When the days were completed for their purification according to the law of Moses, Mary and Joseph took Jesus up to Jerusalem to present him to the Lord, just as it is written in the law of the Lord, Every male that opens the womb shall be consecrated to the Lord, and to offer sacrifice of a pair of turtledoves or two young pigeons, in accordance with the dictate of the laws of the Lord. Now there was a man in Jerusalem whose name was Simeon. This man was righteous and devout, awaiting the consolation of Israel, and the Holy Spirit was upon him. It had been revealed to him by the Holy Spirit that he should not see death before he had seen the Christ of the Lord. He came in the Spirit into the temple; and when the parents brought in the child Jesus to perform the custom of the law in regard to him, he took him into his arms and blessed God, saying: “Now, Master, you may let your servant go in peace, according to your word, for my eyes have seen your salvation which you prepared in the sight of all the people: a light for revelation to the Gentiles, and glory for your people Israel.” The child’s father and mother were amazed at what was said about him; and Simeon blessed them and said to Mary his mother, “Behold, this child is destined for the fall and rise of many in Israel, and to be a sign that will be contradicted — and you yourself a sword will pierce — so that the thoughts of many hearts may be revealed.” There was also a prophetess, Anna, the daughter of Phanuel, of the tribe of Asher. She was advanced in years, having lived seven years with her husband after her marriage, and then as a widow until she was eighty-four. She never left the temple, but worshipped night and day with fasting and prayer. And coming forward at that very time, she gave thanks to God and spoke about the child to all who were awaiting the redemption of Jerusalem. When they had fulfilled all the prescriptions of the law of the Lord, they returned to Galilee, to their own town of Nazareth. The child grew and became strong, filled with wisdom; and the favor of God was upon him.
Today is the Feast of the Presentation. In some cultures, this feast represents the end of the Christmas-Epiphany season. The feast is also known as Candlemas because of the tradition of having candles blessed on this day that will be used throughout the rest of the year.
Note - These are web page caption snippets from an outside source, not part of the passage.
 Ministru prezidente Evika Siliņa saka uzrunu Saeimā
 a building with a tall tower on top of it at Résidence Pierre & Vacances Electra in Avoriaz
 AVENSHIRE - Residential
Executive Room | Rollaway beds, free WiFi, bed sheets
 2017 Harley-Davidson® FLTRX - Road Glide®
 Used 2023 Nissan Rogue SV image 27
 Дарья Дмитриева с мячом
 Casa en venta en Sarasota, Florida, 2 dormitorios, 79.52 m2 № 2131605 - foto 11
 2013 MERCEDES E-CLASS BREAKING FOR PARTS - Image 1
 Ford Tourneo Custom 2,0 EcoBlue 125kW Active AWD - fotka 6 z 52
The Jewish law mandated that first-born sons belonged to God. Those that were not of the priestly tribe of Levi had to be redeemed in the temple to demonstrate their continued status as God’s unique possessions (Ex 13:1-2; Nm 3:11-13). The redemption price was five silver shekels, and the ritual usually took place within a month of the child’s birth. After giving birth to a male child, the mother was regarded as unclean for seven days and was required to go to the temple after forty days to undergo a purification rite and make an offering of a lamb or, if she were poor, of two turtledoves or pigeons (Lev 12:1-8). Mary, of course, being free of sin from the moment of her conception, was not obliged to carry out the ritual of purification. However, just as her Son would later submit to being baptized, Mary submitted to the law of Moses in all things according to human expectations. Naturally, they offered the gift prescribed for the poor, rather than the lamb offered by the rich.
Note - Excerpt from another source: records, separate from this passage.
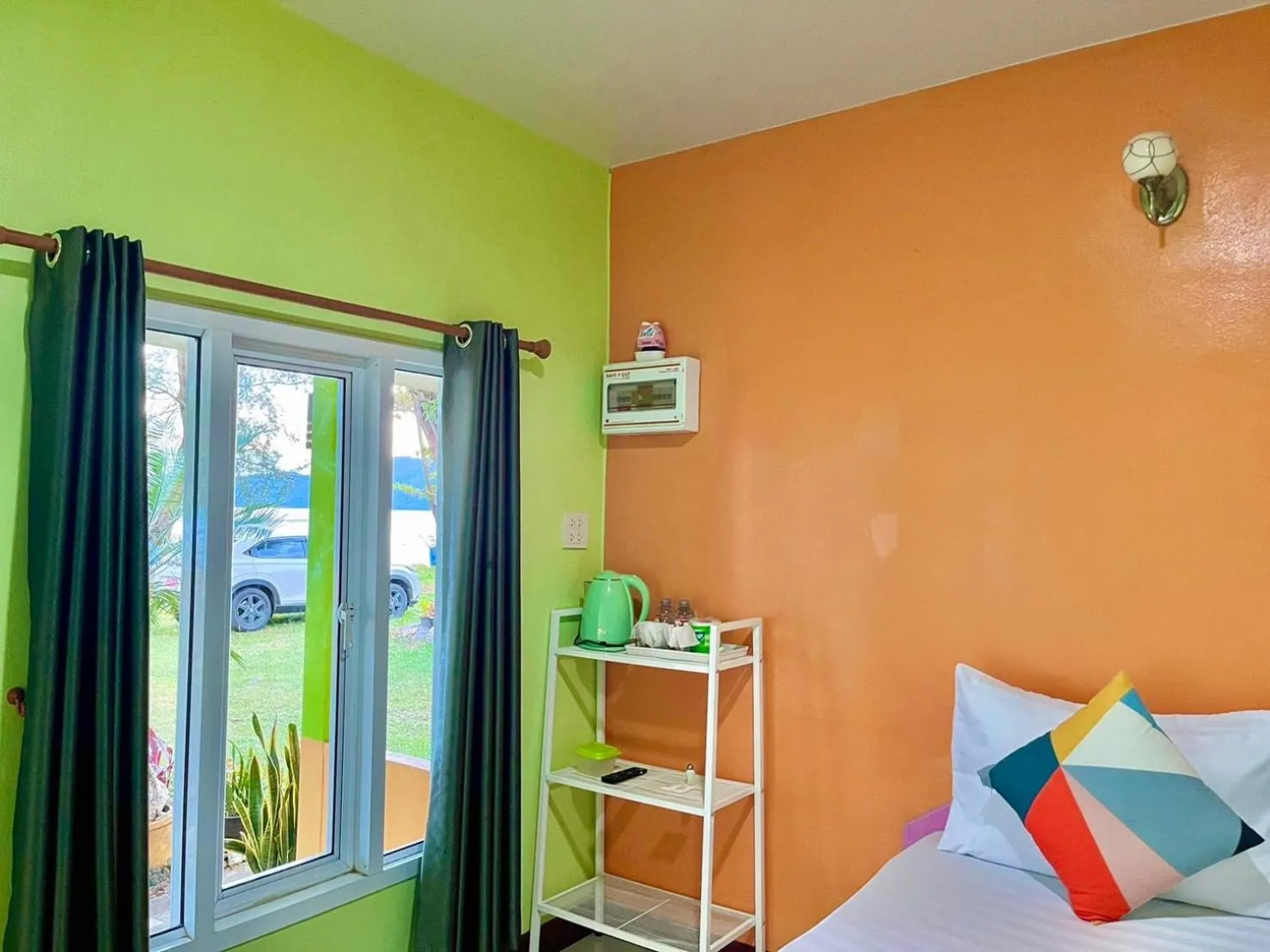 Bed in Ava Beach Pakbara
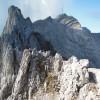 Zerklüftete Felstürme im Alpstein mit Säntis, Alpstein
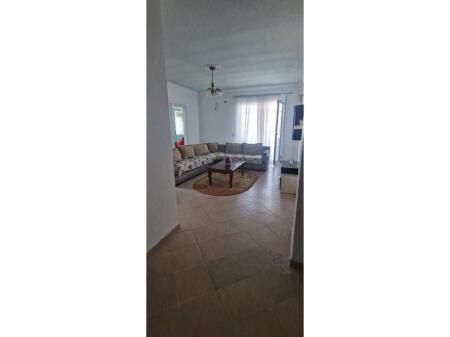 Apartament 2+1 Me Qira në Fresku, Tiranë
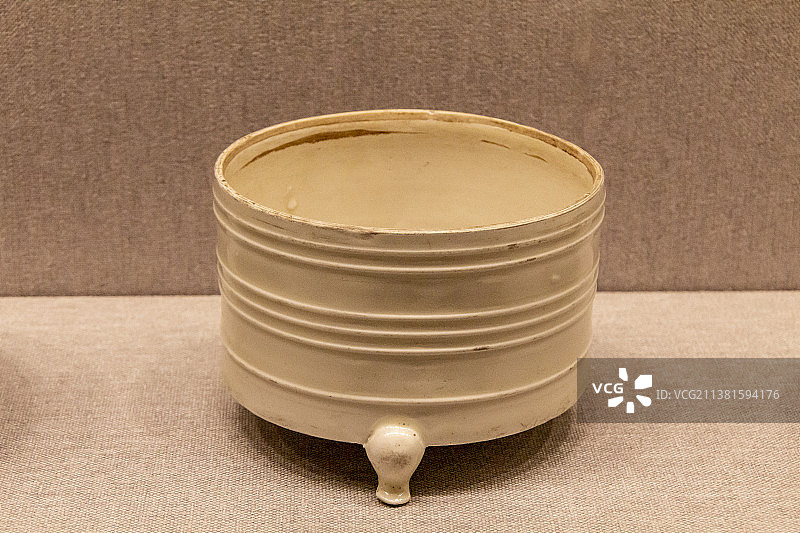 北京故宫陶瓷馆（武英殿）：定窑白釉弦纹三足樽式炉（北宋）图片素材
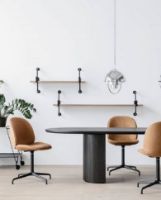 Billede af GUBI Démon hylde m. 2 beslag L: 95cm - Oak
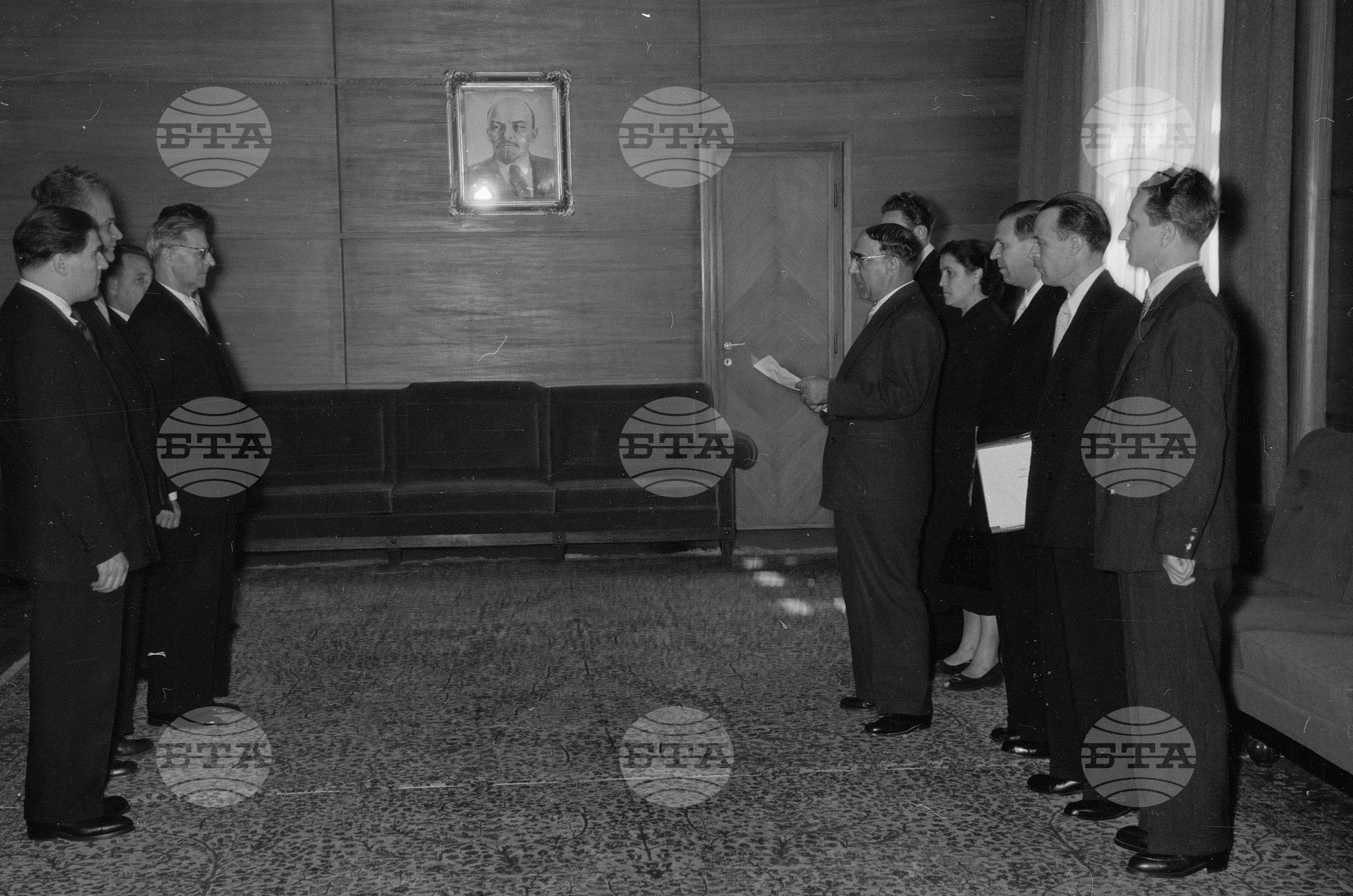 Посланникът на Румънската народна република Михаил Рошиану в България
Simeon was a righteous man, filled with the Holy Spirit. He had been promised by God not to die until he had set his eyes on the face of the Redeemer. God kept this promise, and Simeon praised God with the prayer now known as the Nunc Dimittis, a prayer offered every night by those who recite Night Prayer for the Liturgy of the Hours: “Lord, now you let your servant go in peace, your word has been fulfilled…” It is a beautiful prayer, one that reflects both on God keeping His promises and our hope for new life after death. Simeon testifies to the mission of Jesus, to be a “light” to all people and the “glory” of Israel. Jesus has not come only for the sake of Israel. He will be Savior for all humankind. Simeon also has a word for Mary. She will share in her Son’s suffering. A sword will pierce her heart. She will not be spared the sacrifice of her Son. But, she will share in His glory. First among His disciples, she is our model for faithfulness and the first to experience the fullness of redemption. Anna’s testimony, similar to Simeon’s, is directed toward the redemption of Jerusalem. Both Simeon and Ann have been faithful for their many years. They are rewarded for their fidelity by receiving the privilege of being among the first witnesses of the Incarnation and the mission of Jesus Christ.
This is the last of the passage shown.